Start of Source data
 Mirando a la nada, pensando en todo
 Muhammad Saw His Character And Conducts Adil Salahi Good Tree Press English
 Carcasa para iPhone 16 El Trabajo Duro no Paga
End of Source data
What are the lines from the one containing "Muhammad Saw His" through the end of the material? Reproduce them exactly, both ends included, with nothing added.

 Muhammad Saw His Character And Conducts Adil Salahi Good Tree Press English
 Carcasa para iPhone 16 El Trabajo Duro no Paga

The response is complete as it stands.